_WORK ORDER_:
Print word for word the records from the line containing "New 2026 MAZDA" through the end.

* * * * * * * * *

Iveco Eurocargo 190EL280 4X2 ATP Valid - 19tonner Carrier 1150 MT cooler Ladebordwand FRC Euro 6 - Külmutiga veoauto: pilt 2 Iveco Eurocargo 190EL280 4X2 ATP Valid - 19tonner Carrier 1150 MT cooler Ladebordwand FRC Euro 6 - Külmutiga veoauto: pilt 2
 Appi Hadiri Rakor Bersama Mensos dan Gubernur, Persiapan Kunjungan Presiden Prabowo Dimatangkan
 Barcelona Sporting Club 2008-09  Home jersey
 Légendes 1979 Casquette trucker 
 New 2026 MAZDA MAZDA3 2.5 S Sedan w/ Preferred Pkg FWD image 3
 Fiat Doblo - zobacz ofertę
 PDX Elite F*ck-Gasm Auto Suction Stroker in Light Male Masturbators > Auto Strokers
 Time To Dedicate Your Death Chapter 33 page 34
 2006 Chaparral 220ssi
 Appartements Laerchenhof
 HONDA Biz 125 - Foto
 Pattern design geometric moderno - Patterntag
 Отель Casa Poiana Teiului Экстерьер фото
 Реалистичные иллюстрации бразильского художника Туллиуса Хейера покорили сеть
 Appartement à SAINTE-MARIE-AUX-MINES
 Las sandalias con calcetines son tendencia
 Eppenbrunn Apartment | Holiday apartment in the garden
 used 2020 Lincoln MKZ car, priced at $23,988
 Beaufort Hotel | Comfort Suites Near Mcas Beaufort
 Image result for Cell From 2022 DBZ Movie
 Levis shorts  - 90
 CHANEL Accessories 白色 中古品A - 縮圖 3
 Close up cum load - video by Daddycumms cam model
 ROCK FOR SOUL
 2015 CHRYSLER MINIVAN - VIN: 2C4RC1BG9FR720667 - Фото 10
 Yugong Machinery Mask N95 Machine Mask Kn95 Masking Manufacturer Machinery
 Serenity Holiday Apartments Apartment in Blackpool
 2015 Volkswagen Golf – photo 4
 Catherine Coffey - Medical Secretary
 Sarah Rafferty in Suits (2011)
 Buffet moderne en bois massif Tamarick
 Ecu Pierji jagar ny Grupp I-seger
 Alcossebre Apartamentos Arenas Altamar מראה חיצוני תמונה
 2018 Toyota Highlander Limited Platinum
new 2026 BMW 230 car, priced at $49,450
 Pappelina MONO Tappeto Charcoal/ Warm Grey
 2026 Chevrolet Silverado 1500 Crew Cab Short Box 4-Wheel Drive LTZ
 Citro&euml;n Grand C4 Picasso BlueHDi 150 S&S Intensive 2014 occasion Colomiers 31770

* * * * * * * * *

_WRITTEN RESPONSE_:
 New 2026 MAZDA MAZDA3 2.5 S Sedan w/ Preferred Pkg FWD image 3
 Fiat Doblo - zobacz ofertę
 PDX Elite F*ck-Gasm Auto Suction Stroker in Light Male Masturbators > Auto Strokers
 Time To Dedicate Your Death Chapter 33 page 34
 2006 Chaparral 220ssi
 Appartements Laerchenhof
 HONDA Biz 125 - Foto
 Pattern design geometric moderno - Patterntag
 Отель Casa Poiana Teiului Экстерьер фото
 Реалистичные иллюстрации бразильского художника Туллиуса Хейера покорили сеть
 Appartement à SAINTE-MARIE-AUX-MINES
 Las sandalias con calcetines son tendencia
 Eppenbrunn Apartment | Holiday apartment in the garden
 used 2020 Lincoln MKZ car, priced at $23,988
 Beaufort Hotel | Comfort Suites Near Mcas Beaufort
 Image result for Cell From 2022 DBZ Movie
 Levis shorts  - 90
 CHANEL Accessories 白色 中古品A - 縮圖 3
 Close up cum load - video by Daddycumms cam model
 ROCK FOR SOUL
 2015 CHRYSLER MINIVAN - VIN: 2C4RC1BG9FR720667 - Фото 10
 Yugong Machinery Mask N95 Machine Mask Kn95 Masking Manufacturer Machinery
 Serenity Holiday Apartments Apartment in Blackpool
 2015 Volkswagen Golf – photo 4
 Catherine Coffey - Medical Secretary
 Sarah Rafferty in Suits (2011)
 Buffet moderne en bois massif Tamarick
 Ecu Pierji jagar ny Grupp I-seger
 Alcossebre Apartamentos Arenas Altamar מראה חיצוני תמונה
 2018 Toyota Highlander Limited Platinum
new 2026 BMW 230 car, priced at $49,450
 Pappelina MONO Tappeto Charcoal/ Warm Grey
 2026 Chevrolet Silverado 1500 Crew Cab Short Box 4-Wheel Drive LTZ
 Citro&euml;n Grand C4 Picasso BlueHDi 150 S&S Intensive 2014 occasion Colomiers 31770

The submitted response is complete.